TASK
Starting at the line that contains "Geometric Denim Jeans", write out each line through the end of the data below, exactly as it stands. Skip any pictures.

(Brief descriptive captions)
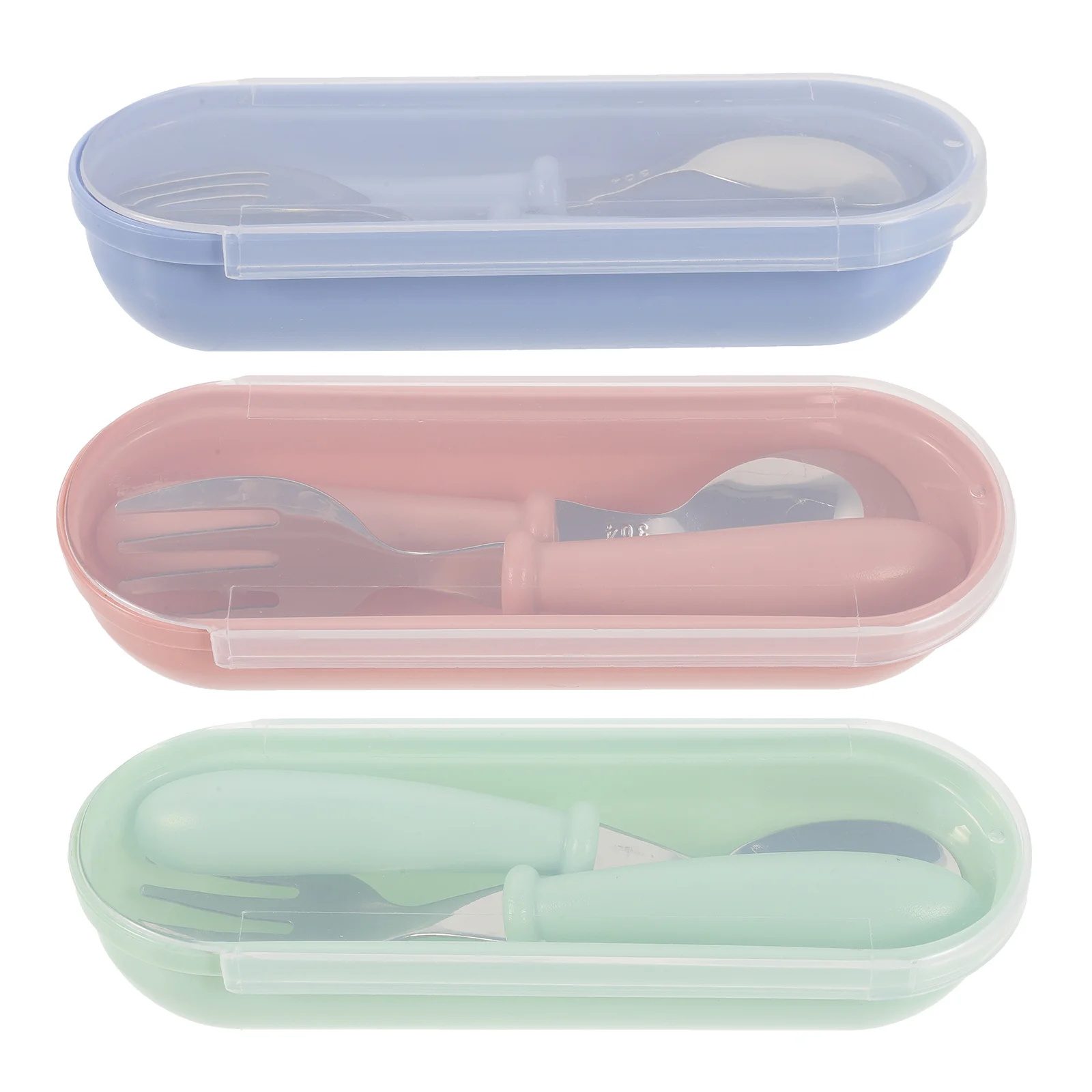 

3 Set Gift Toddler Tableware Child Stainless Steel Children Safe Forks and Spoons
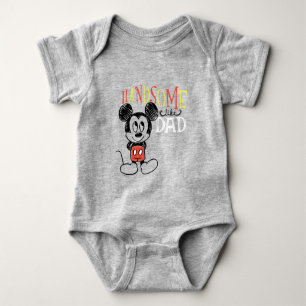 Mickey Mouse Handsom Like Dad Baby Bodysuit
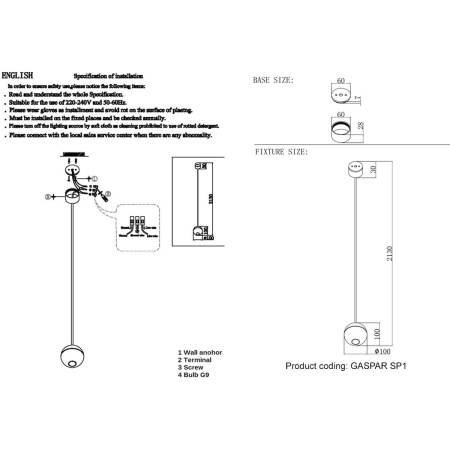 Подвесной светильник Crystal Lux Gaspar SP1 White
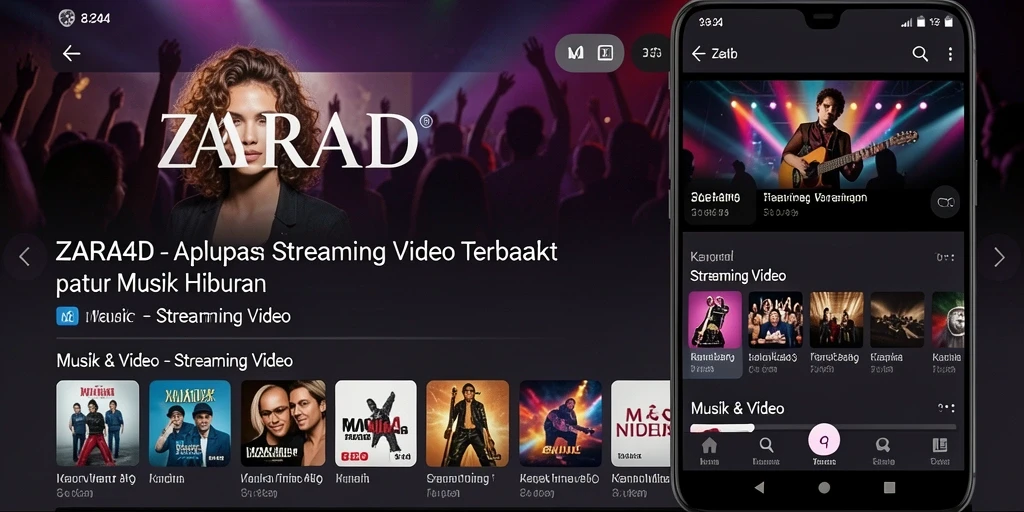 Antarmuka ZARA4D dengan tampilan menarik untuk streaming video.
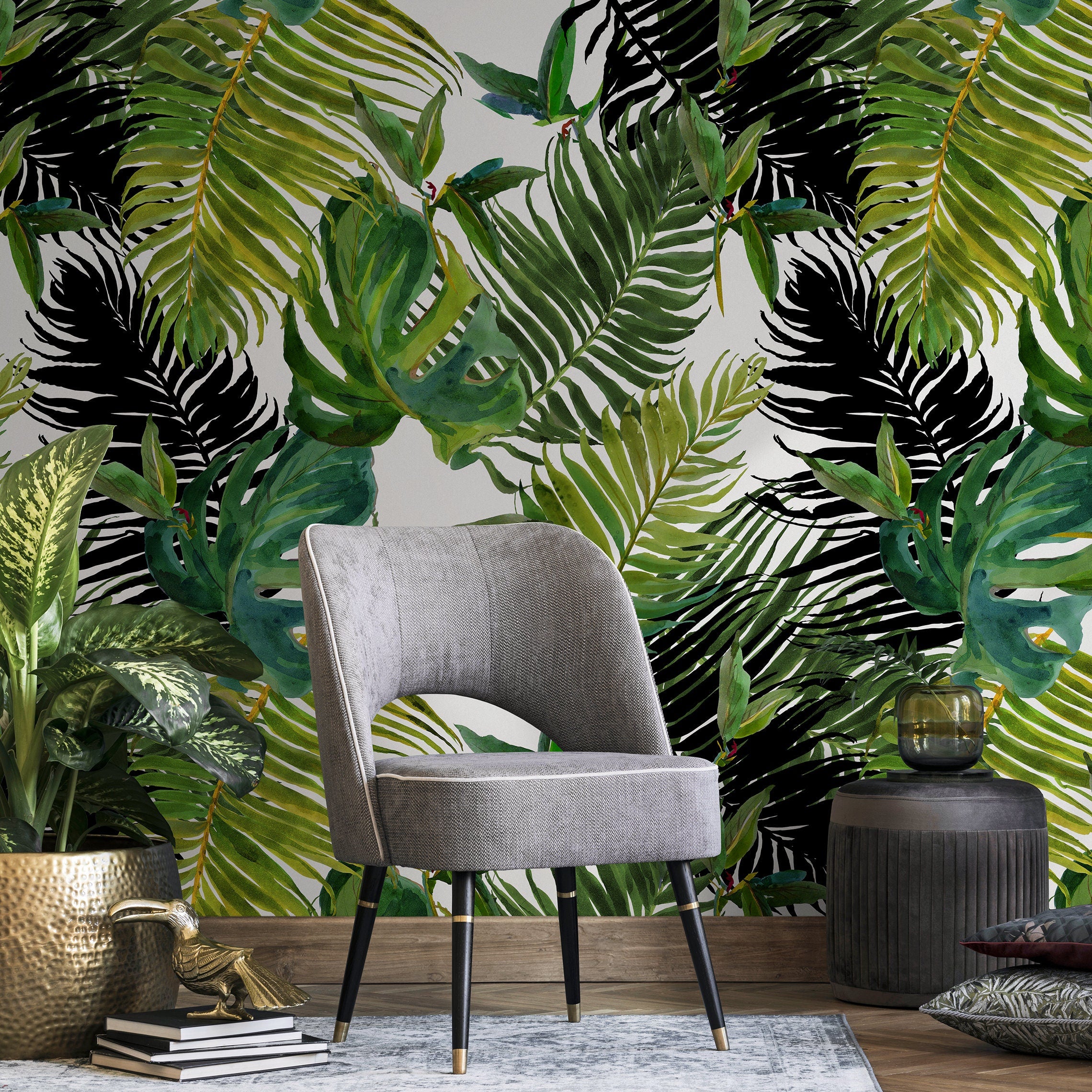 Tropical Wallpaper With Watercolor Palm Leaves In Green And Black - A767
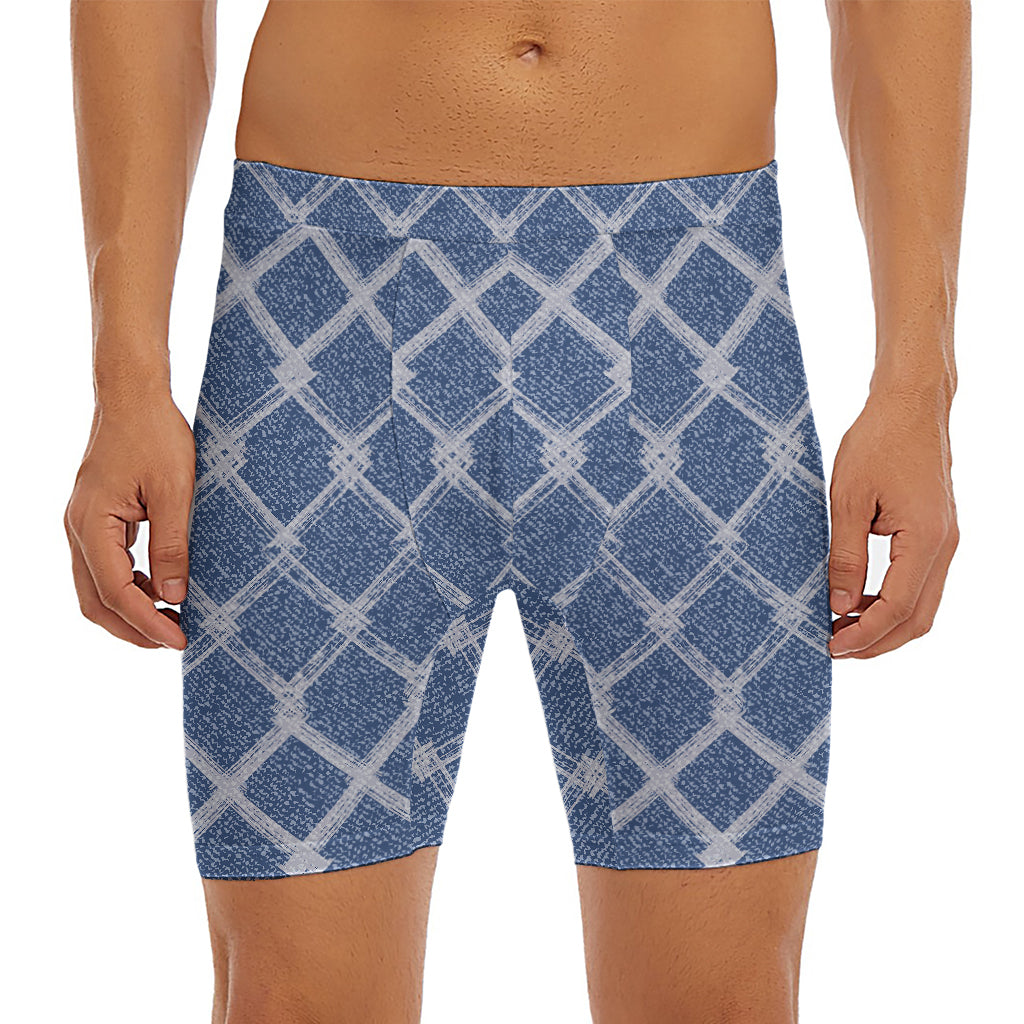 Geometric Denim Jeans Pattern Print Men's Long Boxer Briefs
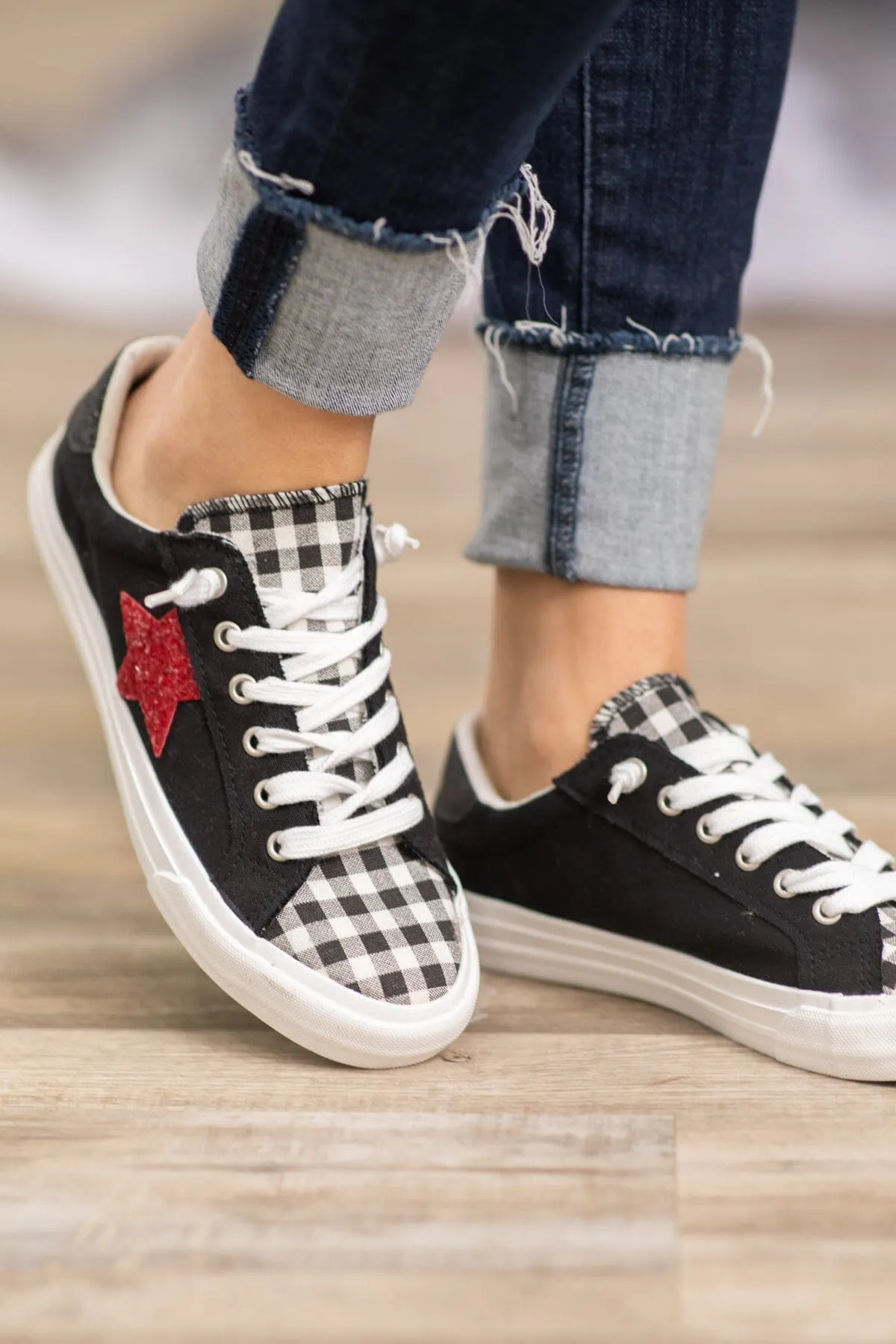 Black and Red Sneakers With Star Detail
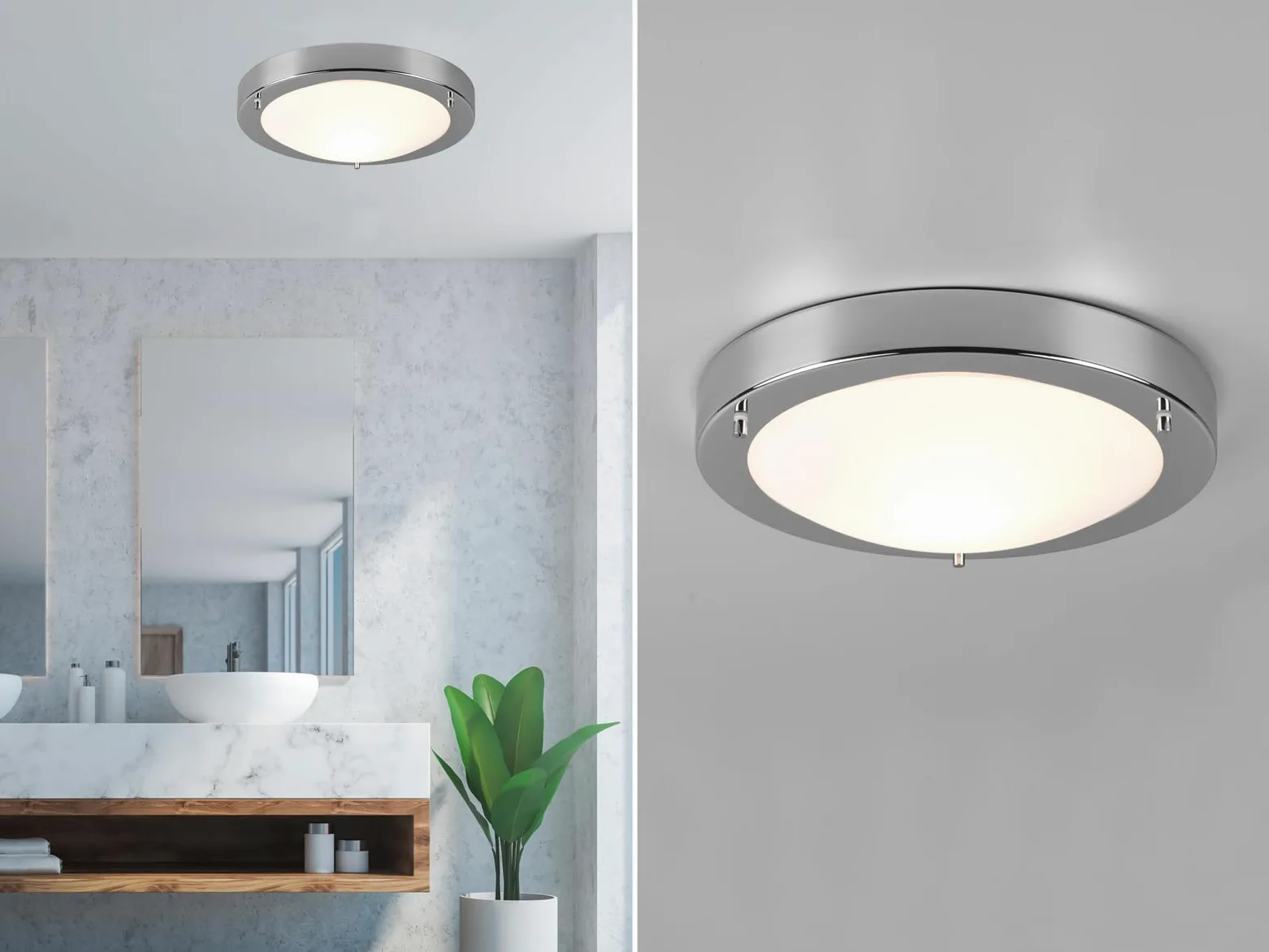 Trio 6801011-06 Condus Plafoniera, 1x60 Watt, Cromo/Bianco, 31.5 cm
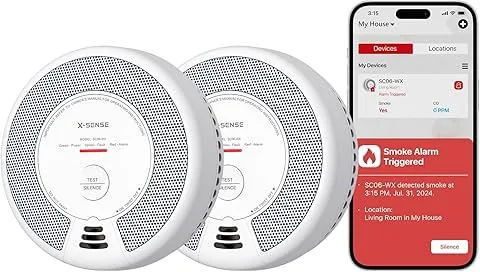 Alarm Wi-Fi X-Sense dymu i tlenku węgla z wymienną baterią, inteligentny detektor kombinowany kompatybilny z aplikacją X-Sense Home Security, SC06-WX, 2 szt.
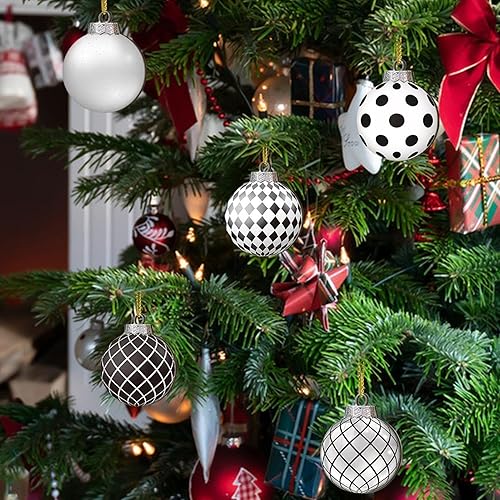 Lot de 12 boules de Noël noires - Boules de Noël amusantes - Décoration de sapin de Noël incassable - Décoration de sapin de Noël d'automne pour le festival - Nail Gallerys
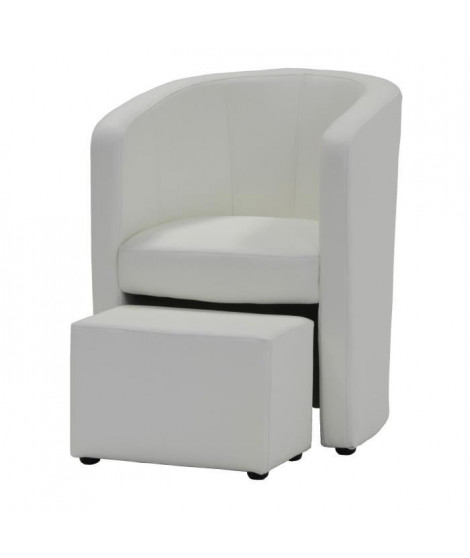 NUNO Fauteuil cabriolet + pouf en simili blanc - L 59 x P 63 x H 77 cm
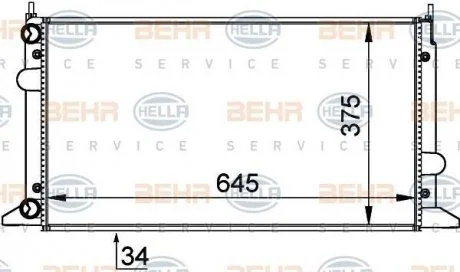Радіатор HELLA 8MK 376 720-481 (фото 1)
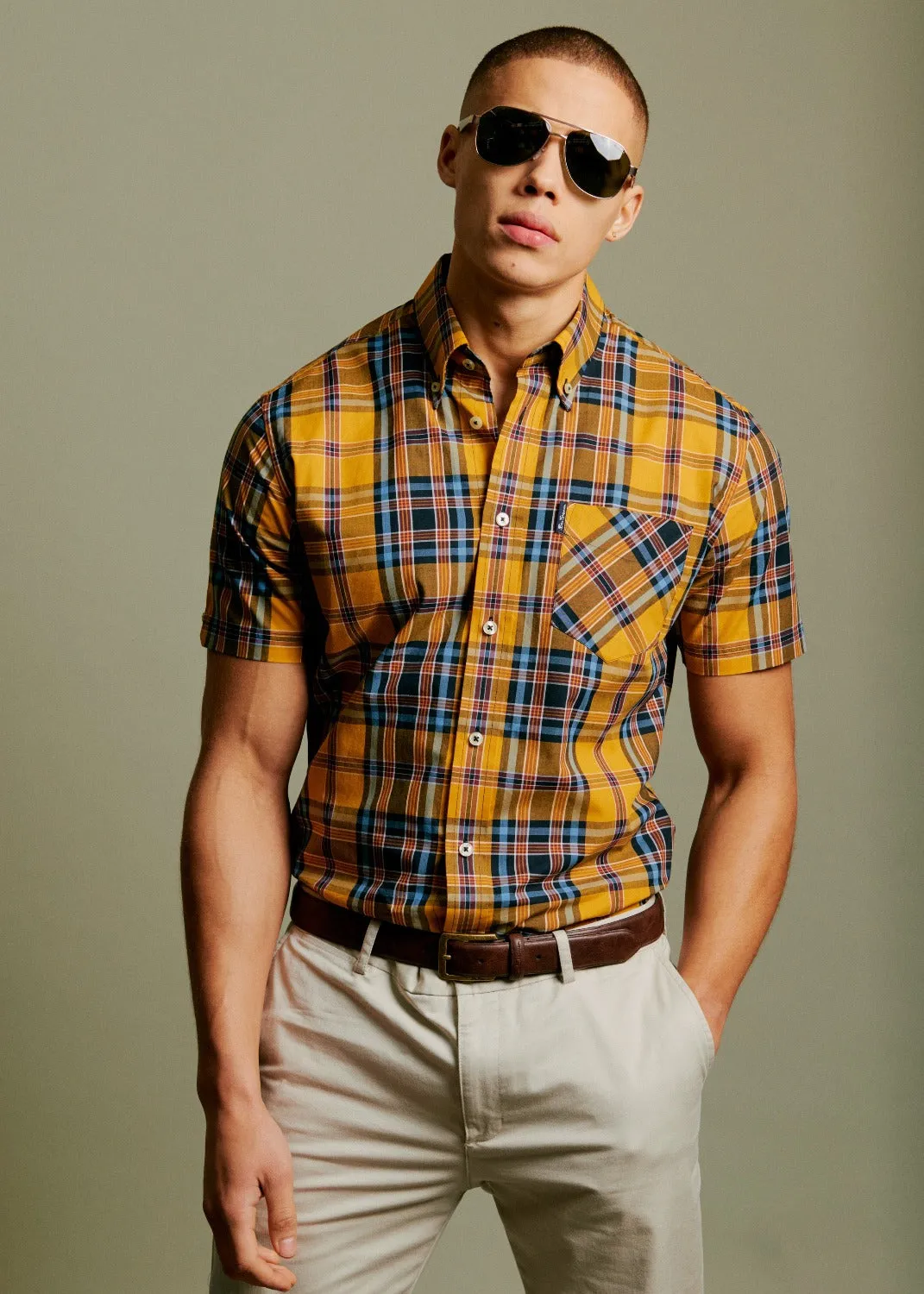 Classic Check Short-Sleeve Shirt - Gold sold by Ben Sherman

WRITTEN REPLY
 Geometric Denim Jeans Pattern Print Men's Long Boxer Briefs
 Black and Red Sneakers With Star Detail
 Trio 6801011-06 Condus Plafoniera, 1x60 Watt, Cromo/Bianco, 31.5 cm
 Alarm Wi-Fi X-Sense dymu i tlenku węgla z wymienną baterią, inteligentny detektor kombinowany kompatybilny z aplikacją X-Sense Home Security, SC06-WX, 2 szt.
 Lot de 12 boules de Noël noires - Boules de Noël amusantes - Décoration de sapin de Noël incassable - Décoration de sapin de Noël d'automne pour le festival - Nail Gallerys
 NUNO Fauteuil cabriolet + pouf en simili blanc - L 59 x P 63 x H 77 cm
Радіатор HELLA 8MK 376 720-481 (фото 1)
 Classic Check Short-Sleeve Shirt - Gold sold by Ben Sherman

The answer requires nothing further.